Directions:
Copy exactly every line below, from the first through the one that contains "Engage with the", and skip all pictures.

Source material:
= = =

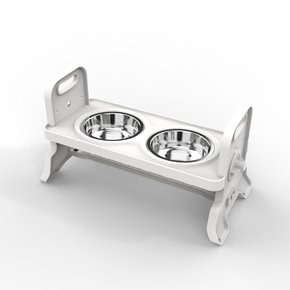 높이조절 스테인리스 반려동물 식기 2구 세트 화이트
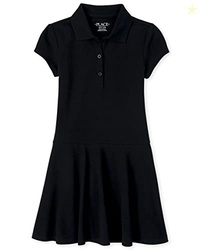 The Children's Place girls Short Sleeve Picque Polo Dress, Black Standard, Medium US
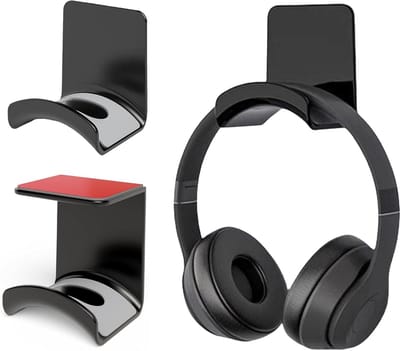 Set van 2 Universele Hoofdtelefoonhouders, Muurbevestiging met Sterke Lijm, Ideaal voor Gaming Hoofdtelefoons en Organisatie van Kabels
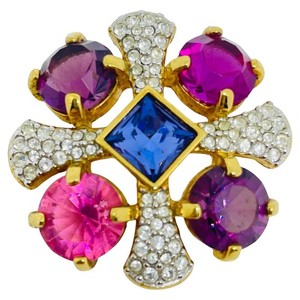 Authentic SWAROVSKI swan signed gold plated pink crystals maltese cross designer brooch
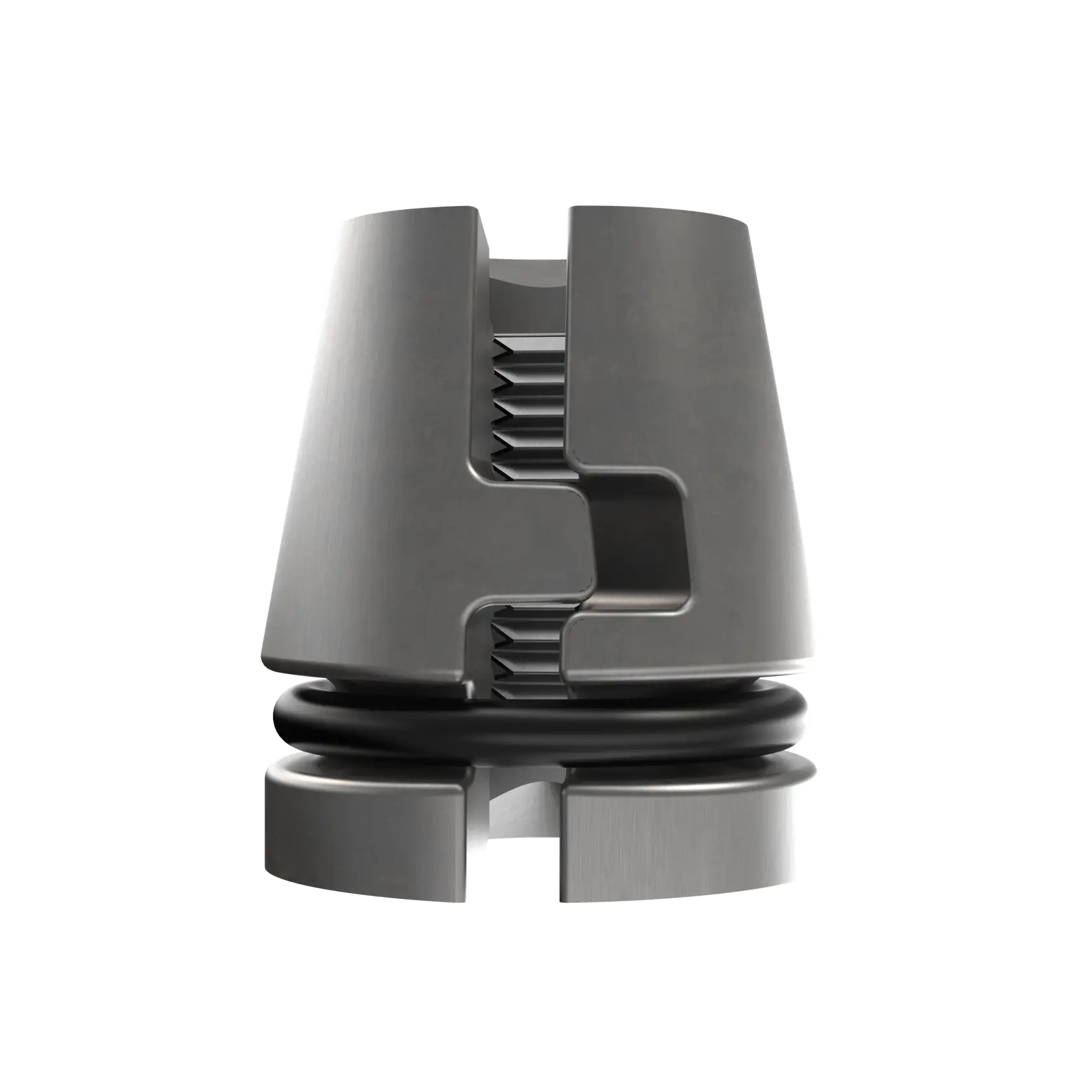 Close-up of a DEWALT metal tool accessory with grooves and a black ring, used for precision fitting.
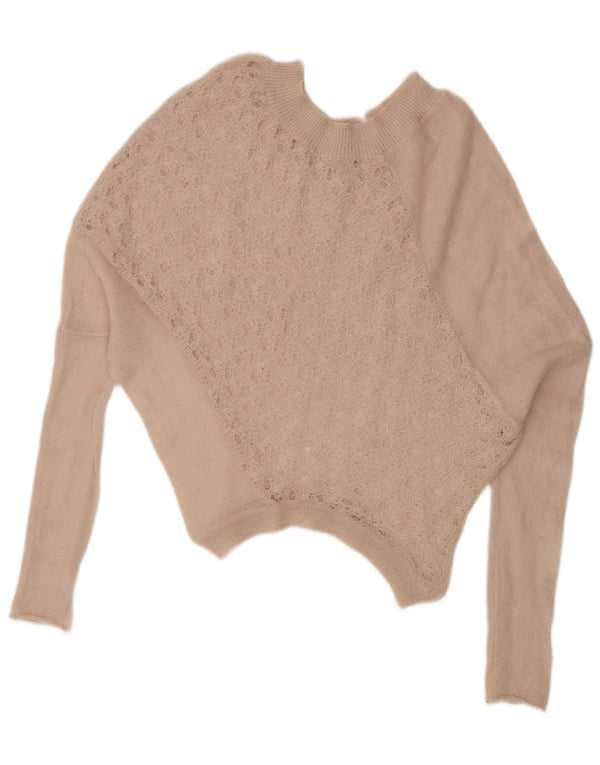 Damski sweter oversize VINTAGE z dekoltem w łódkę UK 16, duży, beżowy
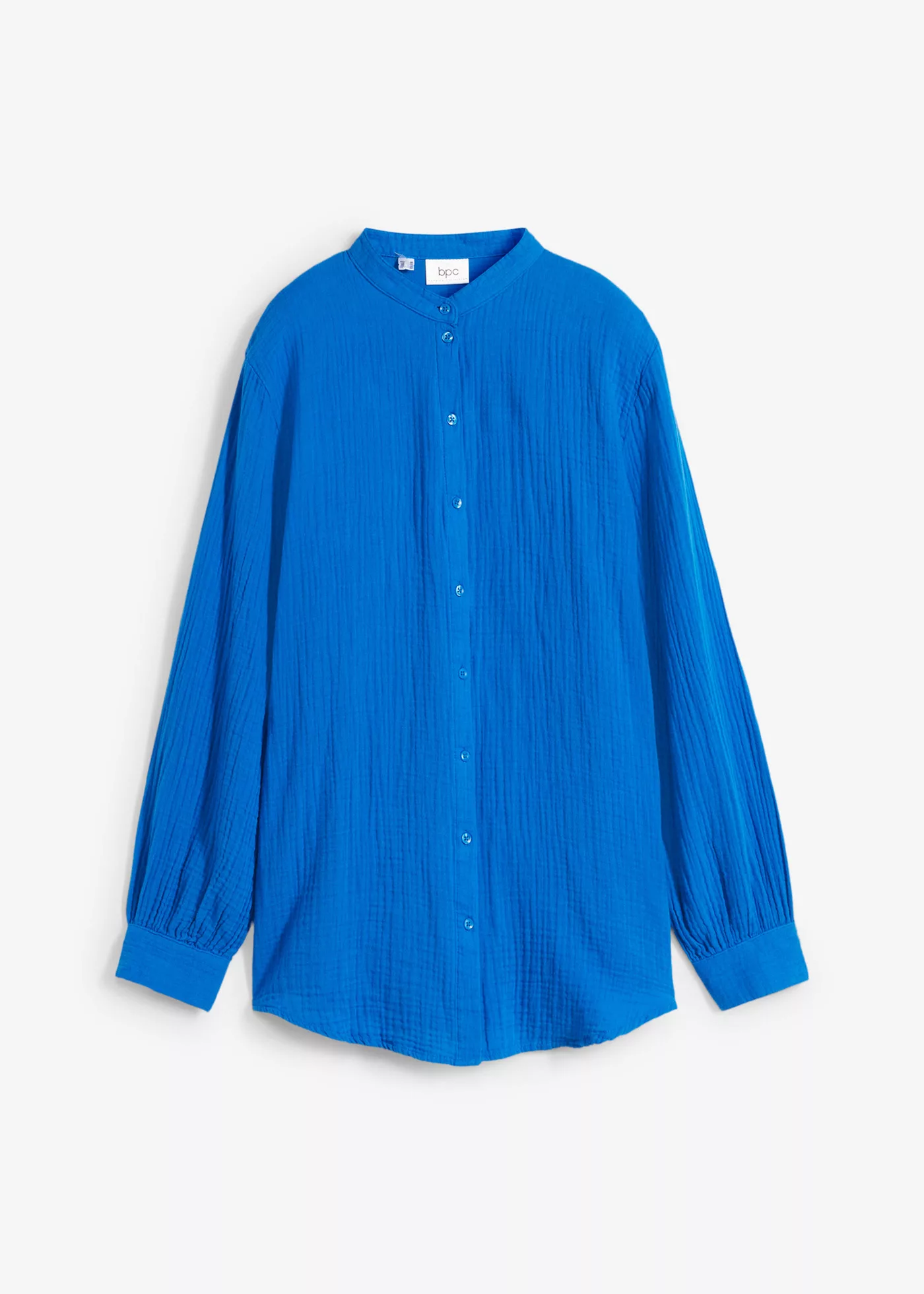 Oversized Musselin-Longbluse aus Baumwolle mit Seitenschlitzen günstig online kaufen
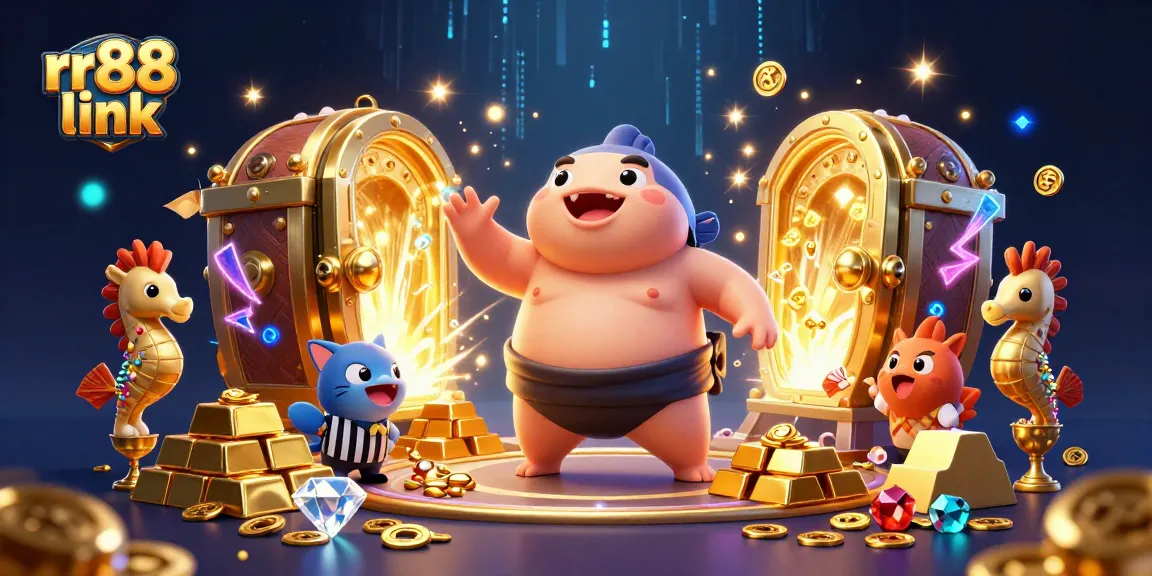 Engage with the rr88 link in a vibrant underwater casino scene featuring dynamic characters and treasures.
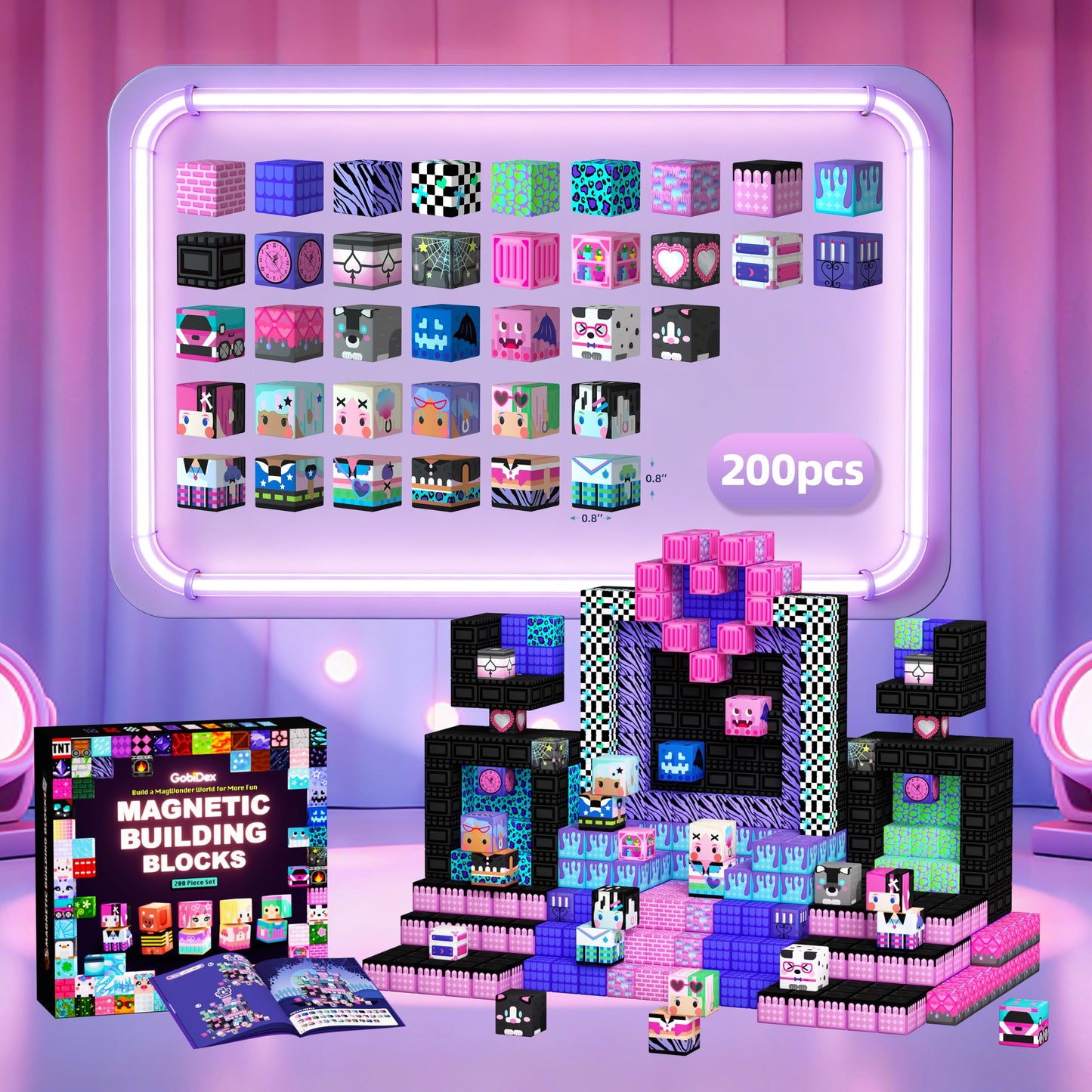 GobiDex 200PCS Magnetic Building Blocks for Kids, STEM Toys to Build MagWonder Castle & World, Creative Sensory Play Gift for Girls Ages 3+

= = =

Exercise response:
 높이조절 스테인리스 반려동물 식기 2구 세트 화이트
 The Children's Place girls Short Sleeve Picque Polo Dress, Black Standard, Medium US
 Set van 2 Universele Hoofdtelefoonhouders, Muurbevestiging met Sterke Lijm, Ideaal voor Gaming Hoofdtelefoons en Organisatie van Kabels
 Authentic SWAROVSKI swan signed gold plated pink crystals maltese cross designer brooch
 Close-up of a DEWALT metal tool accessory with grooves and a black ring, used for precision fitting.
 Damski sweter oversize VINTAGE z dekoltem w łódkę UK 16, duży, beżowy
 Oversized Musselin-Longbluse aus Baumwolle mit Seitenschlitzen günstig online kaufen
 Engage with the rr88 link in a vibrant underwater casino scene featuring dynamic characters and treasures.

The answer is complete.